Make an exact copy of every entry below, with the pictures left out.
(MATERIAL FOR THIS TASK)
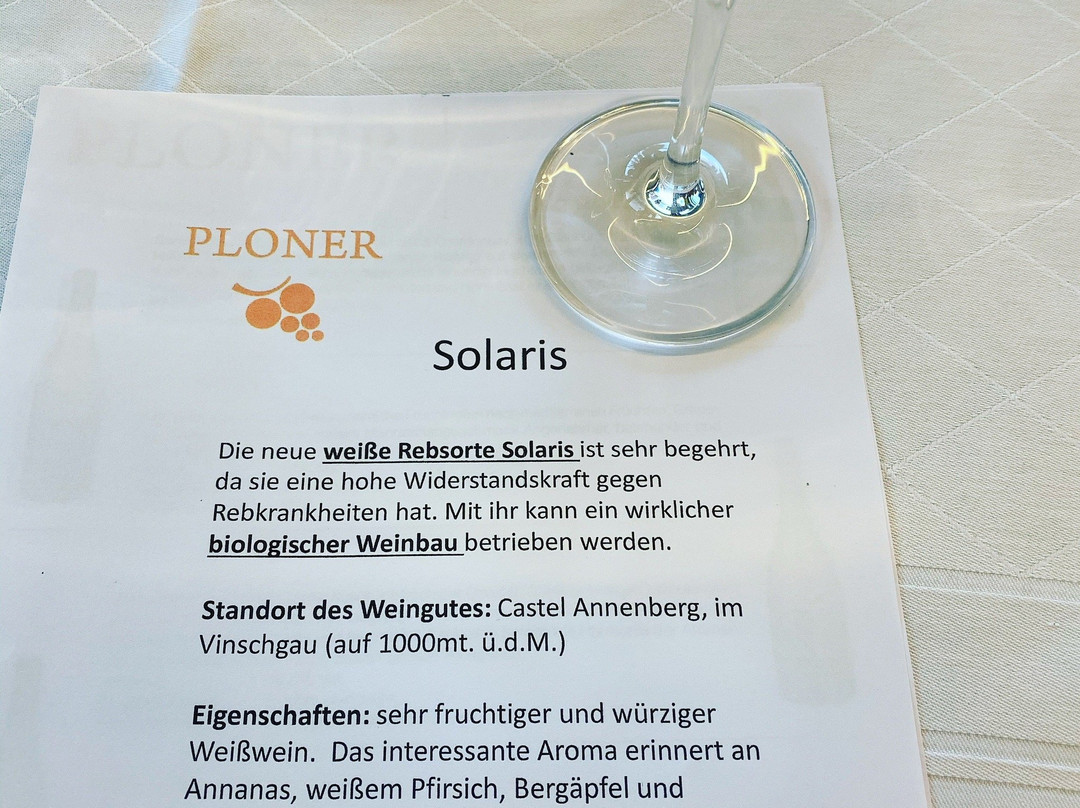 Weingut Plonerhof景点图片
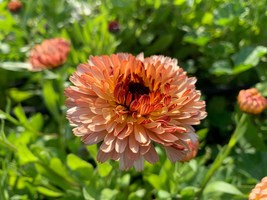 40 Calendula Triangle Flashback Seeds Long Lasting Re-Seeding Annual Flower - £14.12 GBP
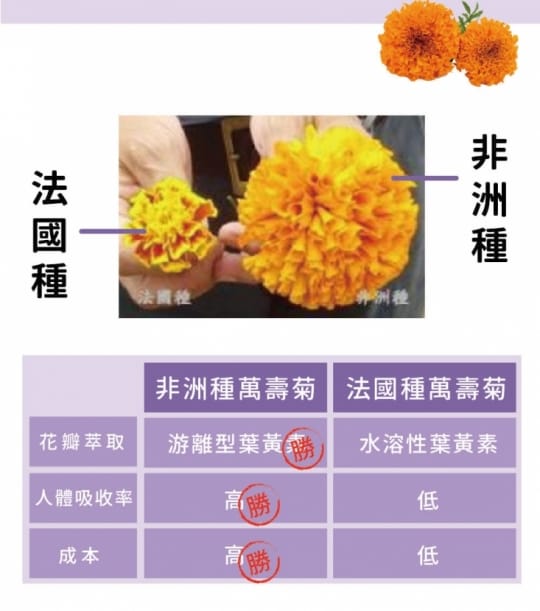 達摩本草玻尿酸游離型葉黃素膠囊x20(小分子玻尿酸、水潤明亮)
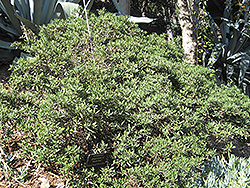 Dark Star California Lilac (Ceanothus 'Dark Star') at Lakeshore Garden Centres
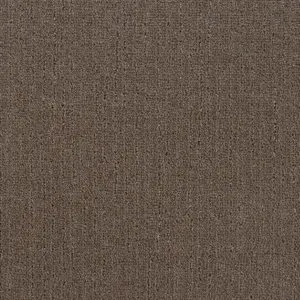 0411 LEDER SmartStrand - 4-Meter Breit Teppichboden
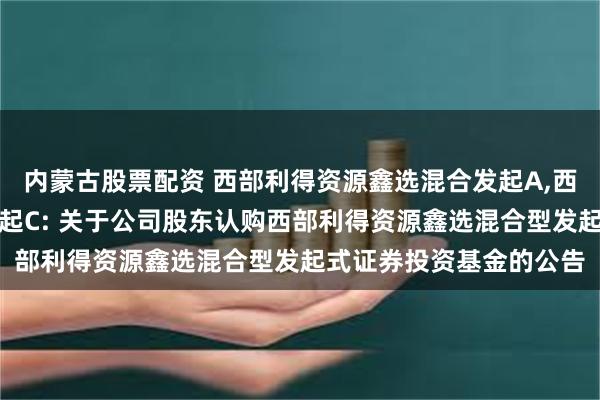 内蒙古股票配资 西部利得资源鑫选混合发起A,西部利得资源鑫选混合发起C: 关于公司股东认购西部利得资源鑫选混合型发起式证券投资基金的公告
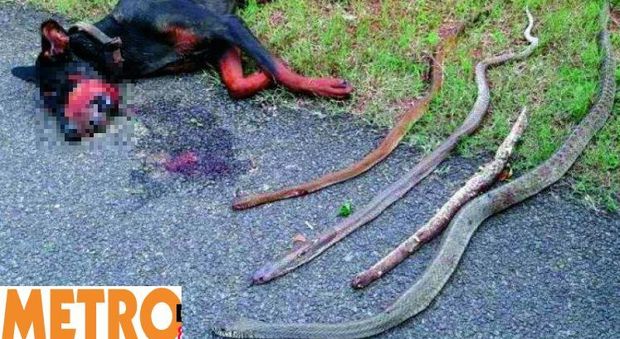 Difende la famiglia da 4 serpenti, cane eroe muore per il veleno dei morsi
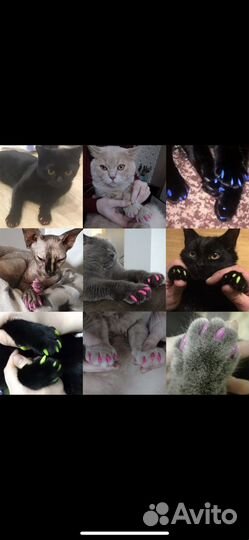 Колпачки на когти котикам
(End MATERIAL FOR THIS TASK)
- _REPLY TO THE TASK_:
 Weingut Plonerhof景点图片
 40 Calendula Triangle Flashback Seeds Long Lasting Re-Seeding Annual Flower - £14.12 GBP
 達摩本草玻尿酸游離型葉黃素膠囊x20(小分子玻尿酸、水潤明亮)
 Dark Star California Lilac (Ceanothus 'Dark Star') at Lakeshore Garden Centres
 0411 LEDER SmartStrand - 4-Meter Breit Teppichboden
 内蒙古股票配资 西部利得资源鑫选混合发起A,西部利得资源鑫选混合发起C: 关于公司股东认购西部利得资源鑫选混合型发起式证券投资基金的公告
 Difende la famiglia da 4 serpenti, cane eroe muore per il veleno dei morsi
 Колпачки на когти котикам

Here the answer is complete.